Backup completed... *BUT* (erroneous) CRIT - maybe time-related bug?

CMK version:
2.0.0p23

OS version:
Ubuntu 20.04.4 LTS

Error message:
Backup completed, it was running for 5 m from 2022-05-15 23:02:01 till 2022-05-15 23:07:04, Size: 210.69 MB, Next run: 2022-05-16 00:02:00CRIT

Every time the checkmk backup runs on our site we get the above status: The backup itself seems to have completed so I wouldn’t expect the CRIT status; viewing backup log (Setup > Maintenance:Backups > icon for “Show current / last state of this backup job”),

2022-05-15 23:02:01 --- Starting backup (Check_MK-ssfdb5-sheffieldsolar-checkmk_backup0 to checkmk_target0) ---
2022-05-15 23:07:04 Verifying backup consistency
2022-05-15 23:07:04 Cleaning up previously completed backup
2022-05-15 23:07:04 --- Backup completed (Duration: 0:05:03, Size: 210.69 MB, IO: 740.66 kB/s) ---

(we can also see the resultant backup file in the configured backup directory) but despite this checkMK leaves the backup in a CRIT alert state.

I notice a few other posts in this forum that may be the same problem; their threads all look to have automatically closed before finding a resolution to the issue posted (such as CRIT - Backup completed or Check_Mk backup daily : it has succed in the backup section but the plugins says it has failed)

The site is set to the Europe/London timezone, currently in BST (UTC+1).

I speculate that the issue is something to do with time arithmetic or comparison.
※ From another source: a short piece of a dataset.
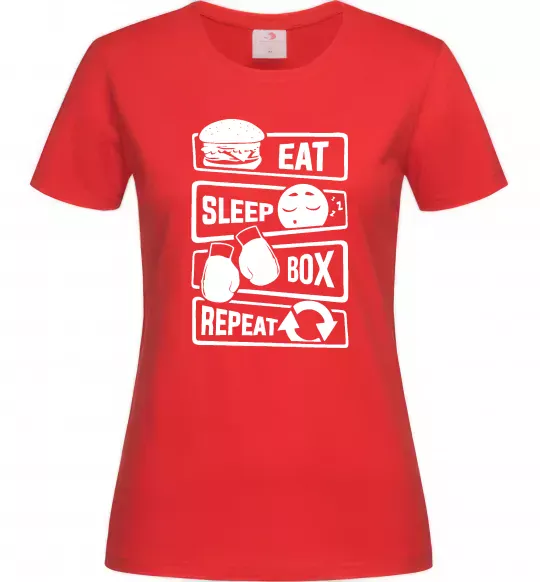 Жіноча футболка Eat sleep boxing repeat Червоний фото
Backups are currently set for 00:02 every day. Note how checkmk’s report describes the backup as running for 5 m from 2022-05-15 23:02:01 till 2022-05-15 23:07:04, but then mentions the Next run: 2022-05-16 00:02:00. The former are the UTC times, the latter is a BST (UTC+1) time. The latter is in fact not the start of the next backup, but the start of the backup just completed (e.g. 2022-05-15 23:02 UTC == 2022-05-16 00:02 BST), which will lead mkbackup to think that the next backup is due to start before ‘now’ (more explanation below).

Looking at the program reporting the backup results (and I believe triggering the CRIT status) in /opt/omd/sites/sitename/share/check_mk/checks/mkbackup, the lines 92-101 look particularly relevant,

    next_run = job_state["next_schedule"]
    if next_run == "disabled":
        yield 1, "Schedule is currently disabled"

    elif next_run is not None:
        if next_run < time.time():
            state = 2
        else:
            state = 0
        yield state, "Next run: %s" % get_timestamp_human_readable(next_run)

so assuming that a state of 2 equates to a CRIT, this can be caused by next_run being set to the time of the just-completed backup rather than the next one. I suggest that this could be why these erroneous CRIT alerts occur. next_run comes from job_state["next_schedule"] but I haven’t fully understood where job_state comes from yet.

I tried digging further and downloaded the source of check_MK but started to get lost reading the code; cmk/utils/schedule.py was looking like it might be relevant.

Update: I’ve found that the server is set to Europe/London in /etc/timezone (so BST) but UTC in $OMD_ROOT/etc/environment, so if check_MK is doing any date-time checks ‘naively’ - i.e. without considering the timezone, or without having normalised date-times to (say) UTC - then this might explain the behaviour in case the dates being compared had different timezones connected to them. If so that would still be a bug.

Any thoughts? Anyone else seeing this issue?

On changing the system timezone to match checkmk’s timezone (/etc/timezone, $OMD_ROOT/etc/environment) the erroneous CRIT alerts have stopped, so that looks to be the root of the problem. It does however suggest a bug in checkmk in that it’s probably handling dates “naïvely”, by not taking into account their attached timezone (or discarding this information), so there’s likely to be other places where this could cause unexpected errors (when comparing datetimes derived from underlying system commands and datetimes derived from checkmk calls). Of course on most systems it’s fair to assume that the timezones configured will match, but since the option exists to specify checkmk’s timezone as being different from the system’s timezone it’s disappointing that this can then trigger bizarre checkmk errors.